The synthesis of SSZ-13 molecular sieves having the CHA structure and their catalytic performance as SCR catalysts are disclosed in many of the above literature documents, indicating that it is preferable to obtain catalysts having good thermal stability and good dispersion of the supported metal. The prior conventional method adopts N, N, N-trialkyl-1-adamantyl ammonium salt and alkaline compound thereof as a template agent, which has high price, low utilization rate and difficult recovery and treatment, and wastewater generated by molecular sieve synthesis is difficult to carry out biochemical treatment, thus causing the problem of great reduction pollution; and the conventionally synthesized CHA molecular sieve can obviously reduce the activity of an SCR catalyst in tail gas containing sulfur oxides, so that a template agent with low cost, easy post-treatment and strong structure-oriented ability is needed to synthesize the CHA-type silicon-aluminum zeolite molecular sieve with large specific surface area, large pore volume, good thermal stability and strong sulfur poisoning resistance.

Disclosure of Invention

The invention aims to provide a CHA type SSZ-13 molecular sieve synthesized by a composite organic template agent formed by N, N, N-trialkyl cyclohexyl quaternary ammonium salt/alkali and alkyl and azabicyclo quaternary ammonium salt/alkali and a preparation method of a corresponding SCR catalyst, wherein the CHA type SSZ-13 molecular sieve is used as a catalyst carrier for selective reduction and NOx removal, has high Al content, small grain size, large specific surface area and pore volume, and can provide more ion exchange sites and solid acid quantity, and the SCR catalyst is formed after copper ion exchange. The present invention relates to removal of nitrogen oxides emitted from internal combustion engines, and provides a nitrogen oxide removal catalyst composed of a silicoaluminophosphate zeolite molecular sieve having a CHA structure, a production method of the catalyst, and a nitrogen oxide removal method in which nitrogen oxides are reacted with at least one of ammonia water, urea, and an organic amine using the catalyst.

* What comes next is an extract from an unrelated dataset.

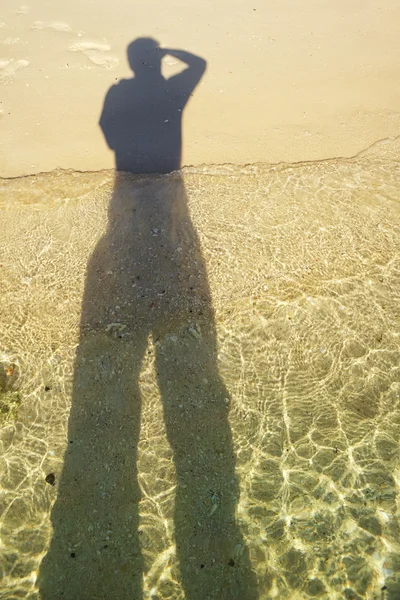 Skugga på stranden — Stockfoto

The invention aims to solve the technical problem of overcoming the defect that the activity of an SCR catalyst for synthesizing a molecular sieve by using copper loaded in the prior art is lower at low temperature through a hydrothermal durability test, and provides a copper-based SCR catalyst which still has higher activity at low temperature after hydrothermal durability and sulfur aging tests and a preparation method thereof.

The invention discloses a method for synthesizing a CHA type molecular sieve by a composite template agent, which comprises the steps of carrying out crystallization reaction on raw materials of a silicon source, an aluminum source and the template agent under a crystallization condition; the template agent is N, N, N-trialkyl cyclohexyl quaternary ammonium salt/alkali and a compound containing several alkyl and azabicyclo quaternary ammonium salt/alkali to form a composite organic template agent to synthesize the CHA-type zeolite molecular sieve, and the CHA molecular sieve is subjected to ultraviolet-Raman lightSpectral analysis is carried out at 330 +/-2 cm^-1And 465. + -.5 cm^-1Obvious characteristic peaks exist; the CHA molecular sieve passes diffuse reflection ultraviolet-visible spectrum (DR UV-vis spectrum) Co²⁺The content of the Al in the adjacent pairing of the skeleton is quantitatively represented by the coordination peak separation accounts for more than 80% of the total amount; the grain size is 1-5 mu m, and the total specific surface area calculated by a BET formula is more than or equal to 520m²Per g, the specific surface area of the micropores is more than or equal to 450m²The total pore volume is not less than 0.25 ml/g; the mole ratio of silica to alumina of the CHA molecular sieve product is 5-80.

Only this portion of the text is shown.